Il faut noter que le plan d’orientation stratégique du CNESS tire son essence du programme de Renaissance du Président de la République, Chef de l’Etat, et prend en compte la vision prospective de la Stratégie de Développement Durable et de Croissance Inclusive (SDDCI) ‘’Niger 2035’’. Le plan est également en phase avec les objectifs poursuivis par la Stratégie de Développement et de Sécurité (SDS-Sahel-Niger) qui est une composante du Plan de Développement Economique et Social (PDES). Au niveau sous régional, ce plan s’inscrit également dans le cadre des grandes orientations sécuritaires définies par les Chefs d’Etat au niveau du G5 Sahel, de la Commission du Bassin du Lac Tchad (CBLT) et de l’Autorité du Liptako Gourma (ALG). Comme je l’avais dit plus haut, ce plan comporte trois axes majeurs qui concernent respectivement le développement des capacités institutionnelles et la mobilisation des ressources du CNESS, le développement des études et de la recherche, et le développement de la formation dont j’ai étayé les contours.
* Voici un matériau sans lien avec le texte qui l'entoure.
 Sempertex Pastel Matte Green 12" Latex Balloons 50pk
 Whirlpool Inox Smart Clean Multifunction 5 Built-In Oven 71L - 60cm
Dans ce plan, nous tenons spécifiquement à la mise en œuvre de deux programmes essentiels au niveau du développement des études. Il s’agit de la mise en place d’un observatoire national des risques avec tout ce que cela impliquera en termes de mobilisation de compétences et de moyens technologiques appropriés. L’observatoire des risques aura pour but de mettre en place un système d’alerte précoce à l’échelle nationale. Il s’agira, par un travail d’analyse solide, d’identifier ces risques et de créer un système de suivi multidimensionnel à même de doter le Gouvernement nigérien d’un outil d’anticipation, de prévention et d’aide à la décision.

Ensuite, nous tenons également à l’élaboration d’un projet de Politique Nationale de Défense et de Sécurité qui comportera trois phases essentielles, à savoir une phase d’initiation et d’ébauche où nous allons tout d’abord faire l’état des lieux de tout ce qui existe en la matière ; une phase de conciliation et de consolidation qui consistera à réunir tous les acteurs concernés en vue de dégager et rédiger les grandes lignes du projet ; et enfin une phase de validation du projet dont l’élaboration sera confiée à des experts nationaux de haut niveau. Voilà un peu notre ambition!  

Sachant que nous partageons les mêmes préoccupations sécuritaires avec les autres pays, le CNESS pourra-t-il jouer un rôle sur le plan sous-régional ?

Effectivement, nous partageons également les mêmes communautés, les réalités climatiques sont presque identiques, les défis économiques, politiques et les menaces sécuritaires restent les mêmes dans toute la bande sahélo-saharienne. De ce point de vue, le Niger, en tant que zone tampon entre le Maghreb et l’Afrique subsaharienne, apparaît certainement comme le pays le plus approprié pour l’expérimentation d’un organe dédié aux études stratégiques et d’analyse de sécurité.

Outre sa pertinence nationale, le Centre aura aussi pour rôle de servir comme un véritable outil de recherche et d’action pour toute la sous-région. Dans ce cadre, nous comptons travailler étroitement avec les organisations sous régionales et régionales. Notre vocation, c’est d’accompagner les décideurs tant au plan national qu’au niveau régional et même international. Nous avons déjà commencé à développer des partenariats stratégiques, notamment avec la CEN-SAD qui nous accompagne déjà dans le processus d’implantation du Centre. Nous allons continuer l’offensive dans ce sens, en essayant de fédérer tous les acteurs régionaux de la sécurité autour du CNESS.

Mon Général, quel est votre dernier mot ?

Je voudrais saluer la clairvoyance des plus hautes autorités pour la mise en place de cet outil d’aide à la décision. Notre ambition est de faire du CNESS un centre d’excellence où l’ensemble des Nigériens intéressés par les questions stratégiques pourront s’affirmer et apporter leurs contributions à travers la réflexion sur les enjeux stratégiques et la défense des intérêts fondamentaux de la Nation. Notre pays est un acteur régional clé dans la lutte contre le terrorisme. A ce titre, nous sommes acteurs de notre sécurité collective et chaque citoyen a un rôle à jouer dans la défense et la préservation de notre territoire. Je vous remercie.